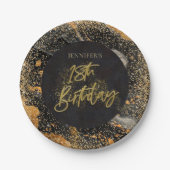 Assiettes En Carton Elégante Parties scintillant Noir et Or 18ème anni (Devant)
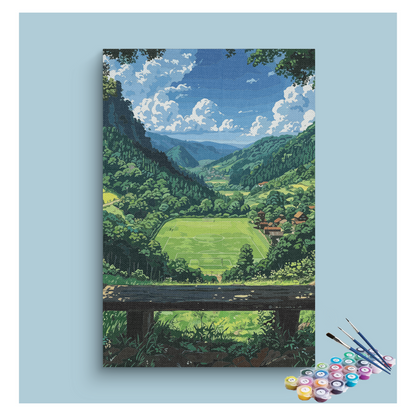 DIY Painting Kit -Valley Soccer Field Landscape Paint by Numbers Kit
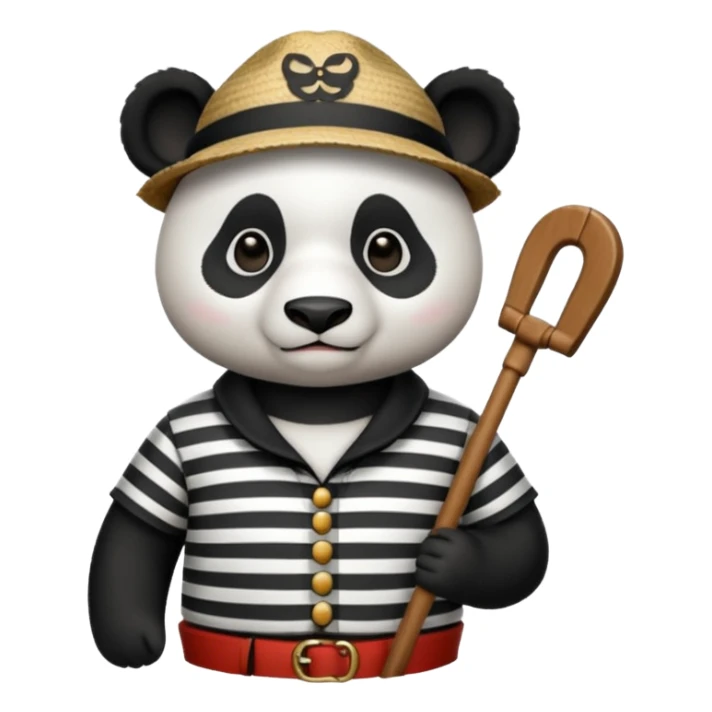 panda wearing gondolier striped shirt sticker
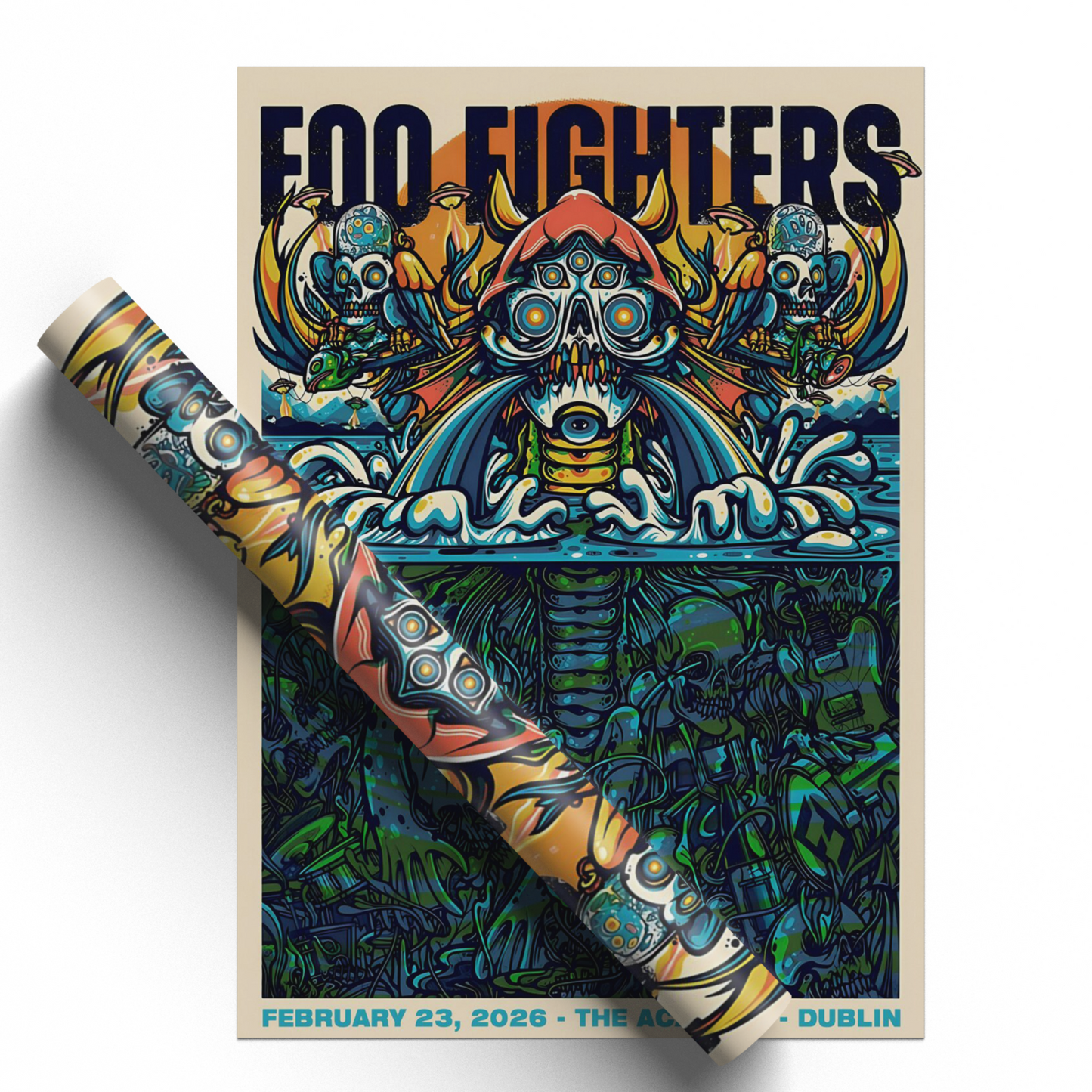 Foo Fighters Concert Poster 23th Feb Dublin Print Poster For Foo Fighters Fan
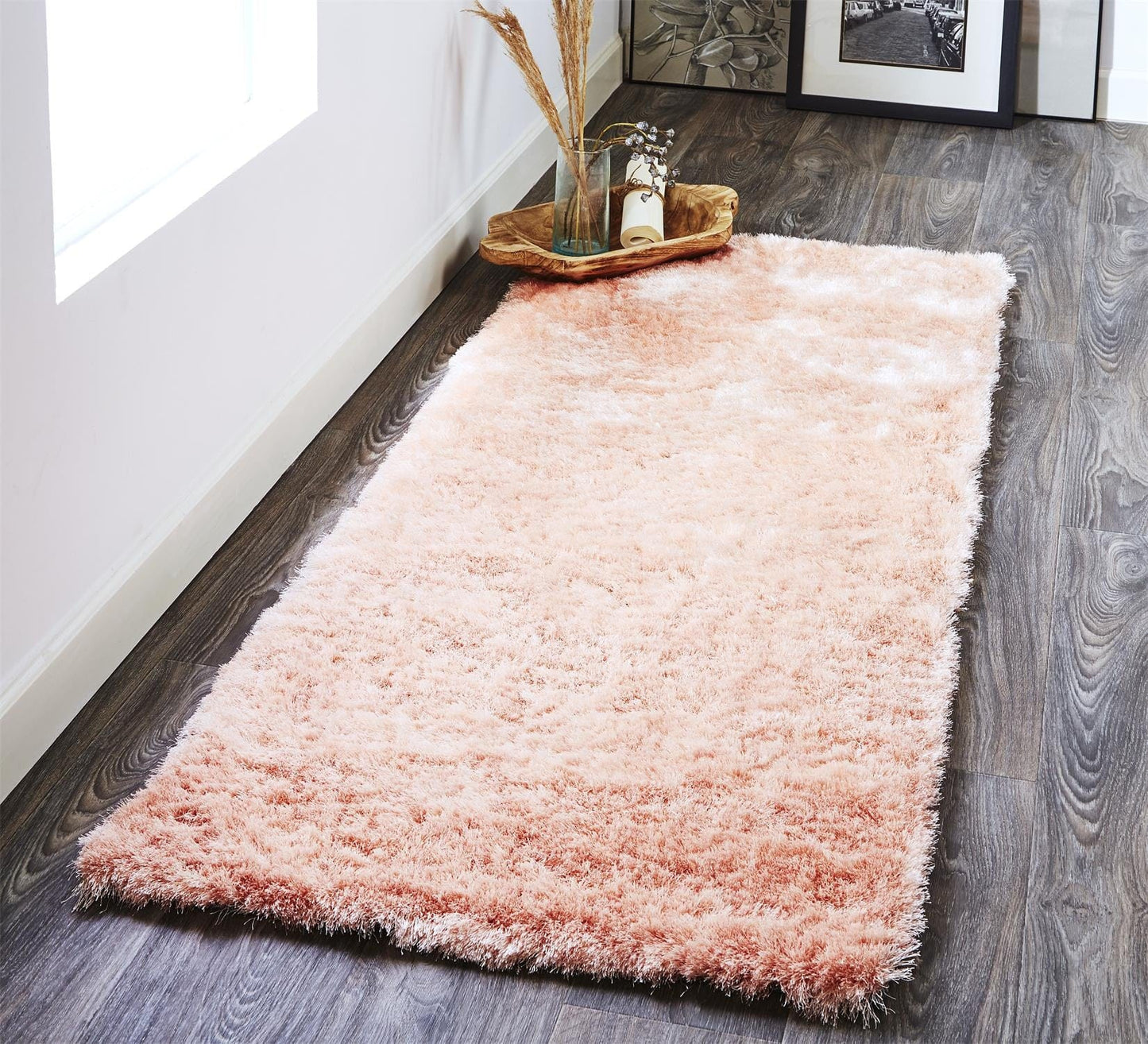 2' X 3' Pink Shag Tufted Handmade Area Rug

# # # # #

WHAT IS NEEDED
Omit every picture, then repeat the remaining data exactly as it appears above.

ANSWER TO THIS PROBLEM
 Assiettes En Carton Elégante Parties scintillant Noir et Or 18ème anni (Devant)
 DIY Painting Kit -Valley Soccer Field Landscape Paint by Numbers Kit
 panda wearing gondolier striped shirt sticker
 Foo Fighters Concert Poster 23th Feb Dublin Print Poster For Foo Fighters Fan
 2' X 3' Pink Shag Tufted Handmade Area Rug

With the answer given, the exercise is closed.